DATA IN THIS EXERCISE
/---
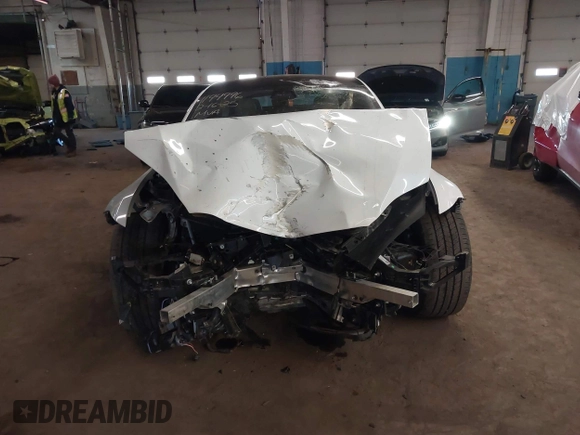 2022 Tesla Model S z VIN 5YJSA1E59NF493914, wystawiony jako IAAI lot #41626020 z przebiegiem Nie podano mil oraz . Historia ofert i sprzedaży dostępna na DreamBid. Obrazek 12.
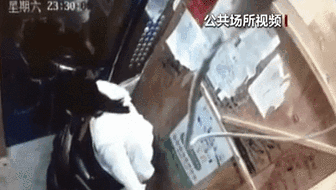 電梯內(nèi)突發(fā)自燃 電動(dòng)車(chē)進(jìn)樓怎么禁？ 發(fā)現(xiàn)電瓶車(chē)有起火苗頭應(yīng)立刻撤離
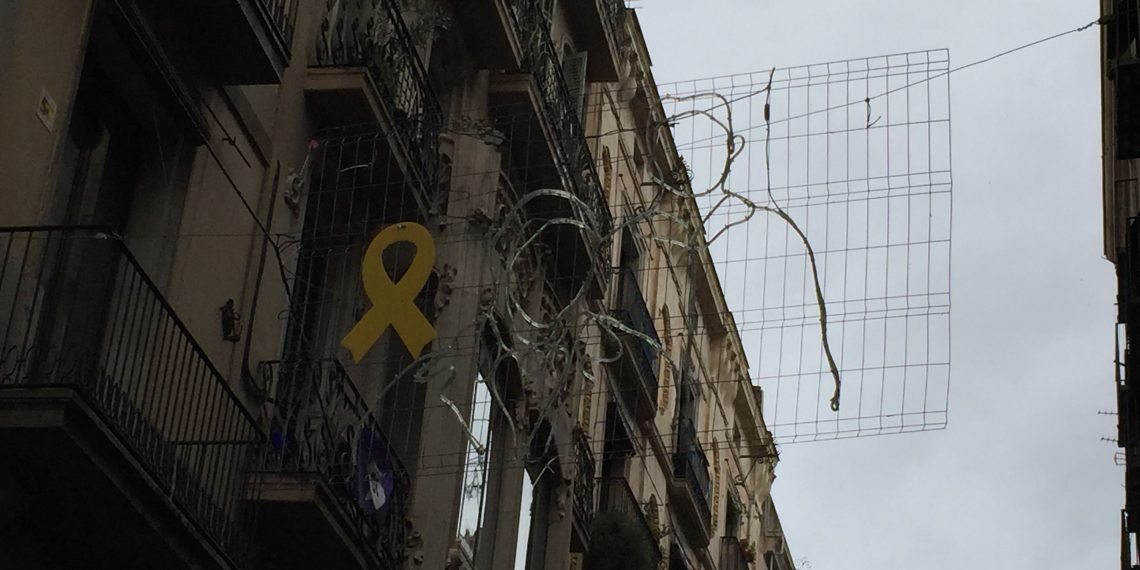 Lazo amarillo en la calle del Carme, en Barcelona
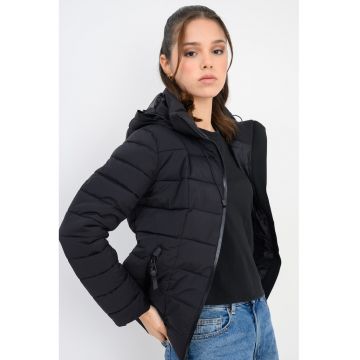 Jacheta regular fit cu gluga Bastia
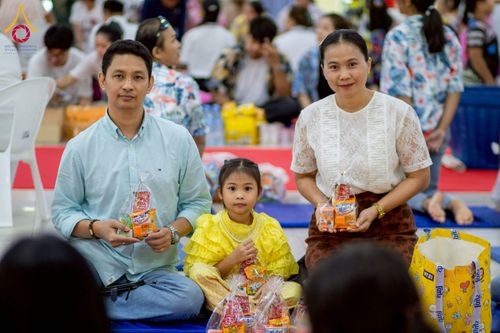 ภาพ No.218072:วันอาทิตย์ที่ 13 เมษายน พ.ศ. 2568 พิธีตักบาตรฉลองสามเณรใหม่ 75 รูป เนื่องในวันสงกรานต์ (โครงการบรรพชาสามเณรฟื้นฟูพระพุทธศาสนาทั่วไทย ประจำปีพุทธศักราช 2568) ณ ศูนย์ปฏิบัติธรรมระยอง(บ้านช่องลม) ตำบลบางบุตร อำเภอบ้านค่าย จังหวัดระยอง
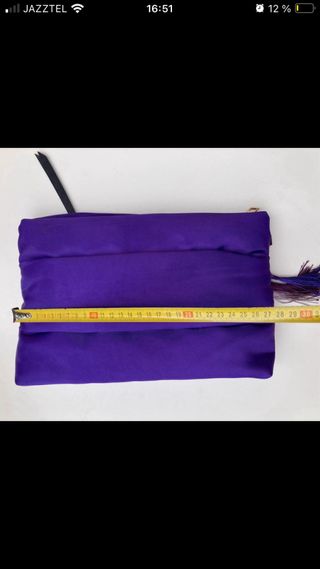 Bolso estiloso de mano o para colgar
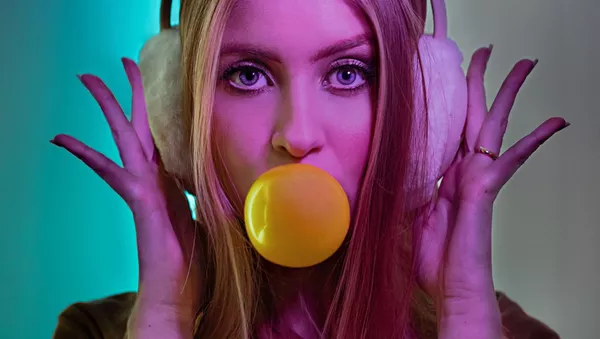 Una chica mastica un chicle, referencial - Sputnik Mundo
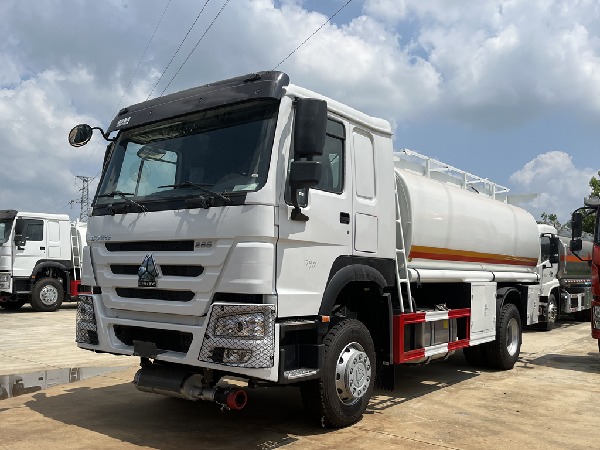 15000L SINOTRUK HOWO fuel tank truck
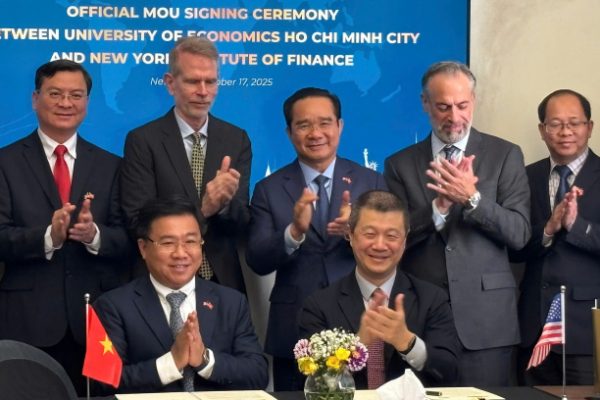 Phố Wall ‘lò luyện’ nhân sự tài chính cho trung tâm tài chính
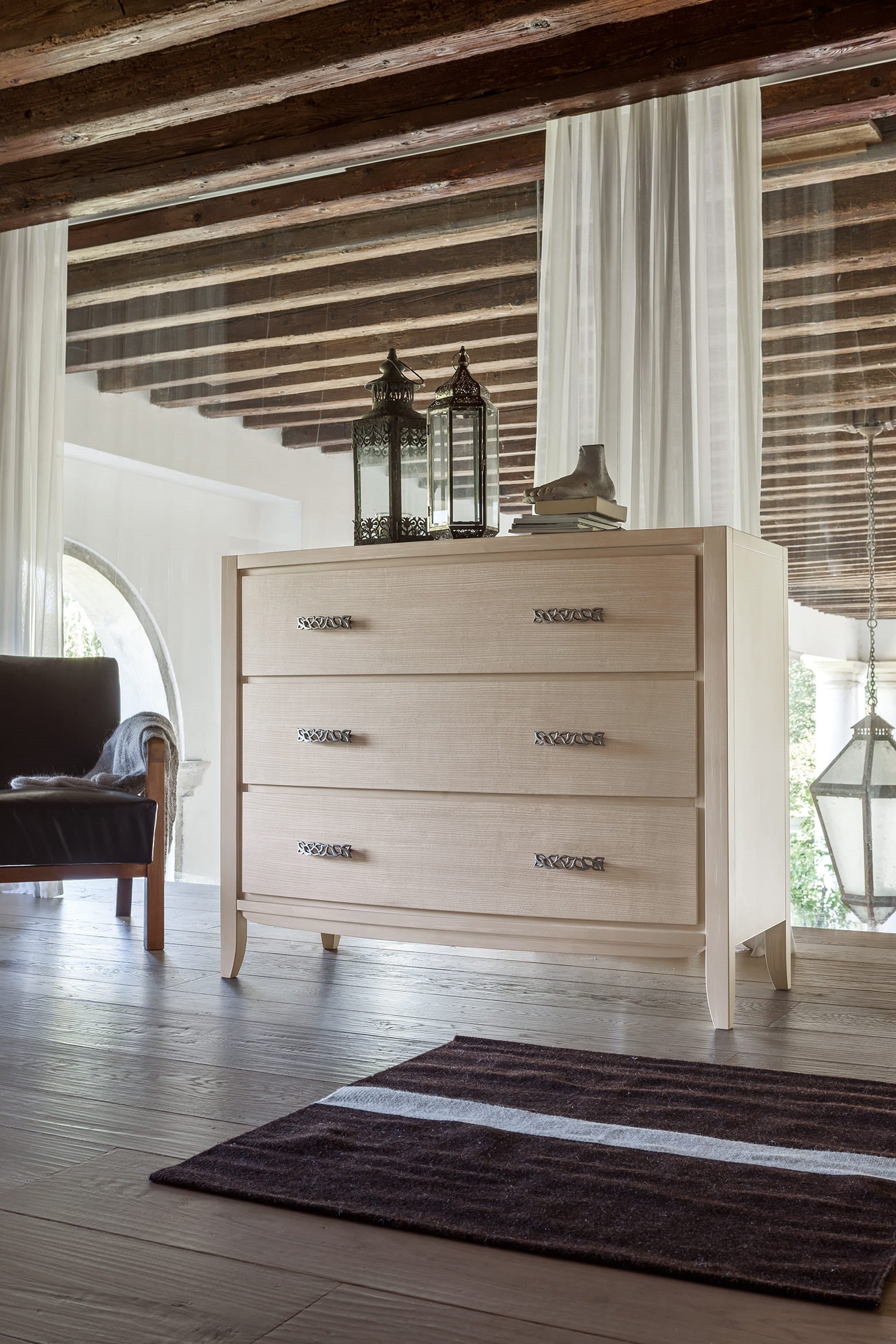 Cassettiera contemporanea 4 cassetti con decoro onda in legno l.130 p.53 h.105 - Mobili 2G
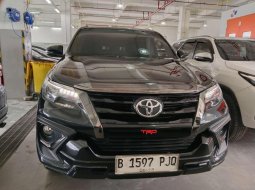 Toyota Fortuner 2.4 VRZ AT 2020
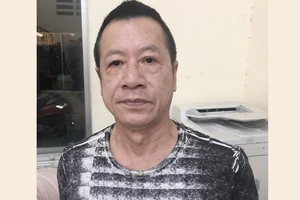Khởi tố, bắt giam Việt kiều Mỹ chủ quán bar 030X8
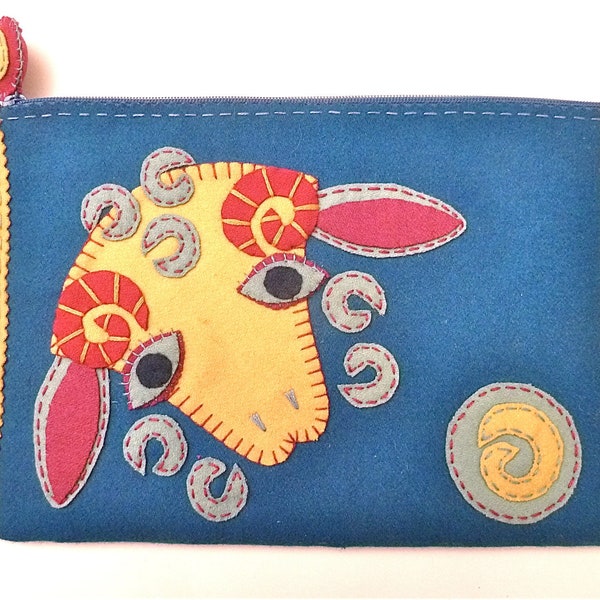 Pochette en feutre décor appliqué mouton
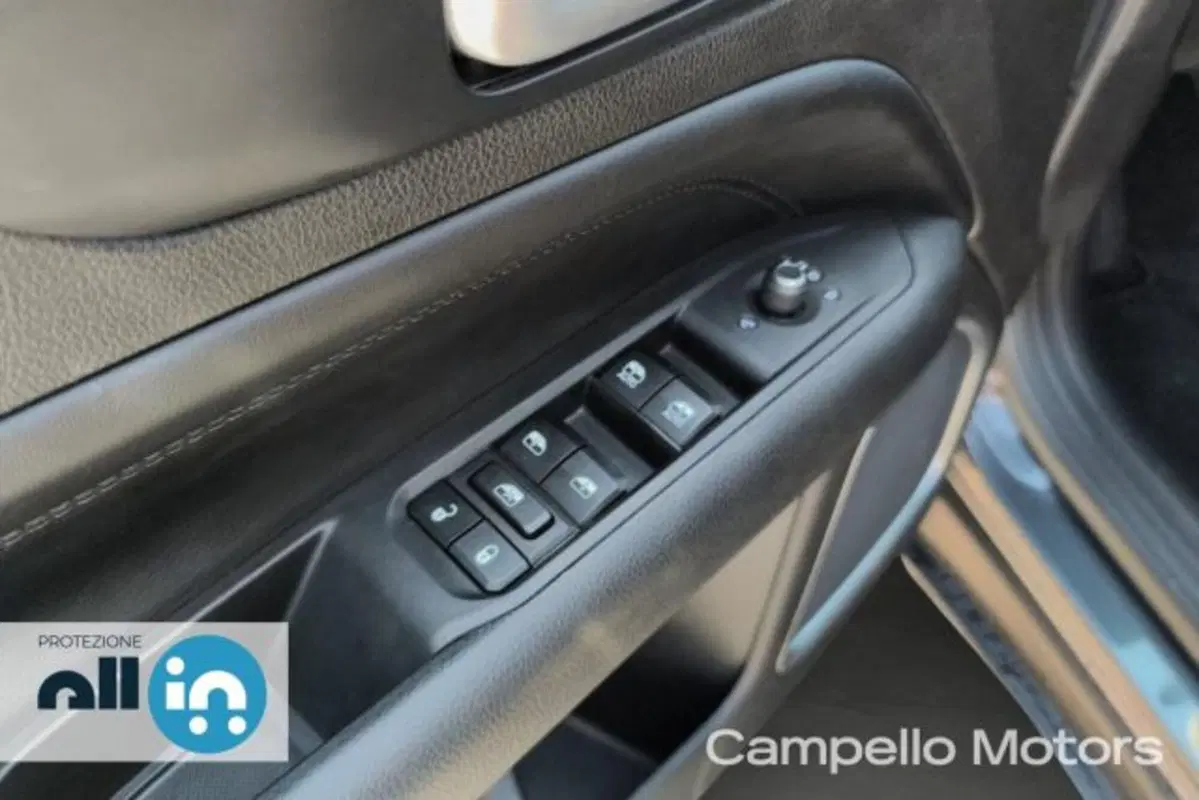 Jeep Compass usata a Venezia (17)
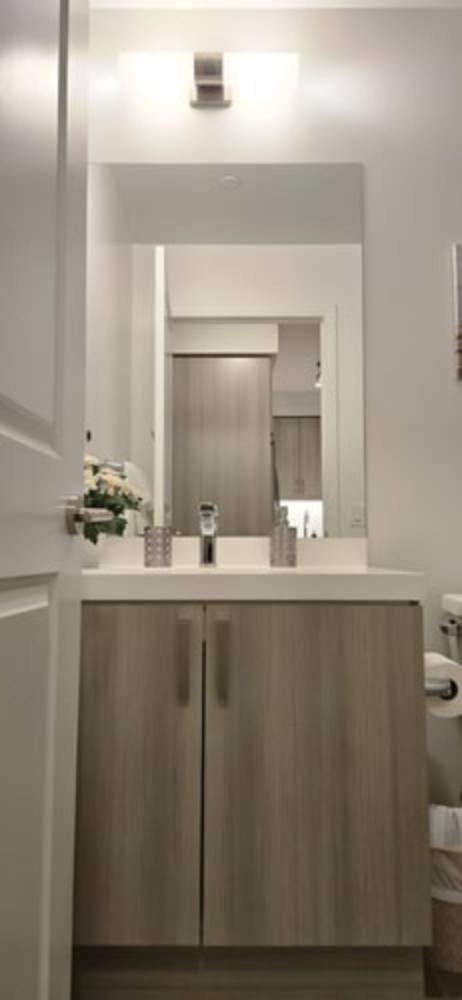Nahani Way Properties Mississauga Extérieur photo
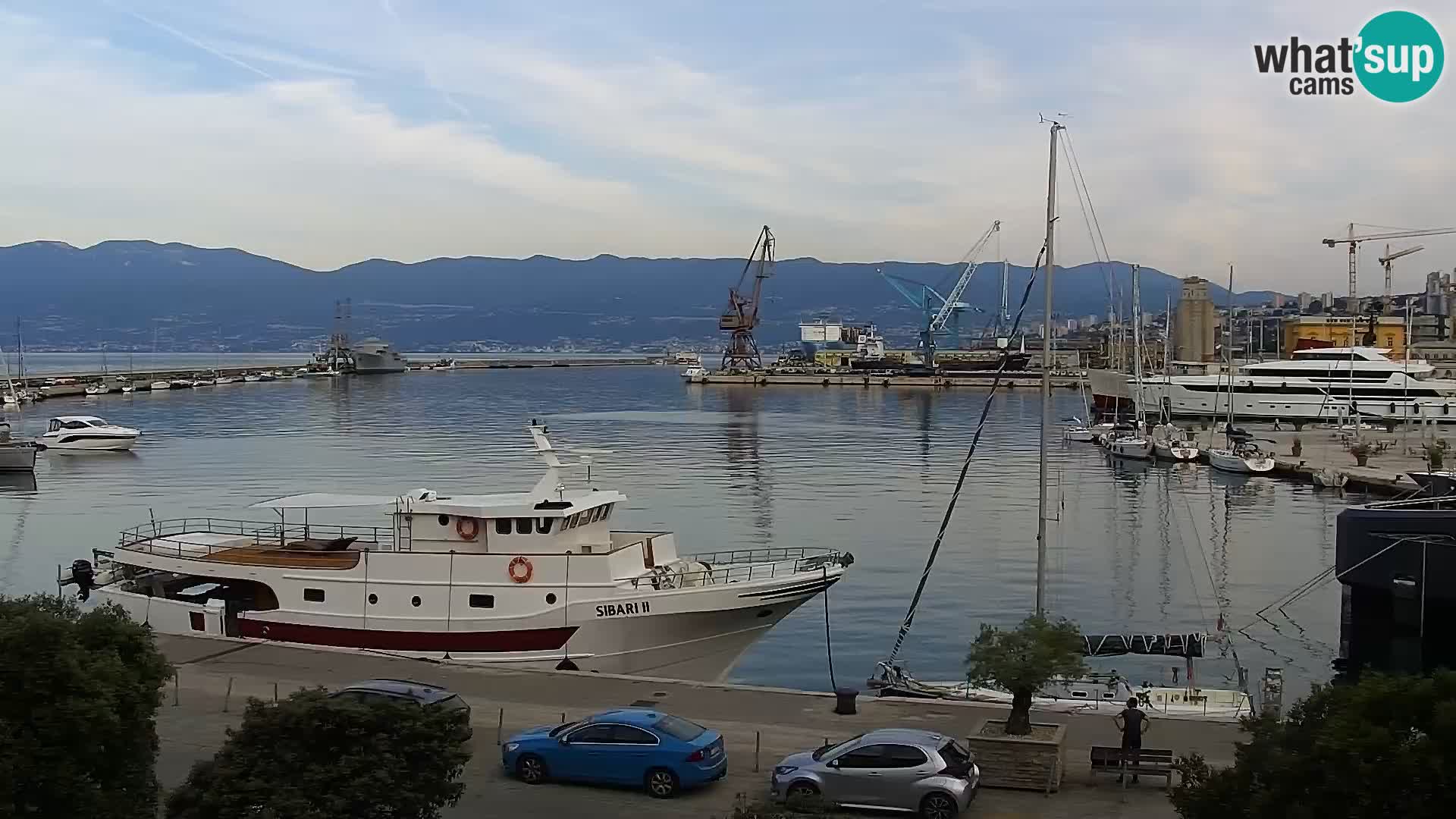 Riva i Marina u Rijeci – Web kamera uživo u Hrvatskoj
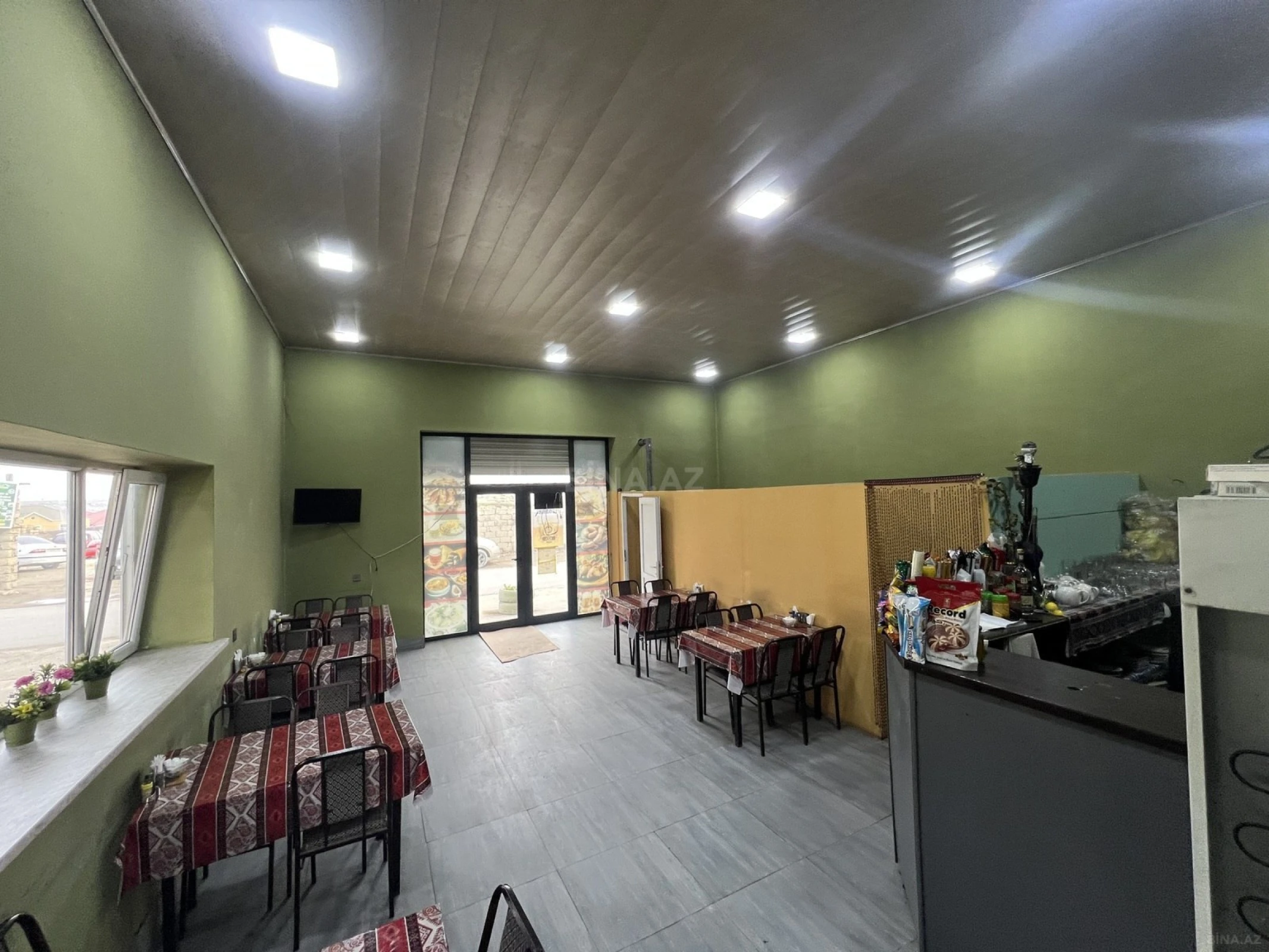 Satılır obyekt 750 m²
\---
PROBLEM TO WORK ON
After locating the line that contains "Toyota Fortuner 2.4 VRZ AT 2020", output it and all later lines through the end of the material exactly, leaving out pictures.

RESPONSE
 Toyota Fortuner 2.4 VRZ AT 2020
Khởi tố, bắt giam Việt kiều Mỹ chủ quán bar 030X8
 Pochette en feutre décor appliqué mouton
 Jeep Compass usata a Venezia (17)
Nahani Way Properties Mississauga Extérieur photo
 Riva i Marina u Rijeci – Web kamera uživo u Hrvatskoj
 Satılır obyekt 750 m²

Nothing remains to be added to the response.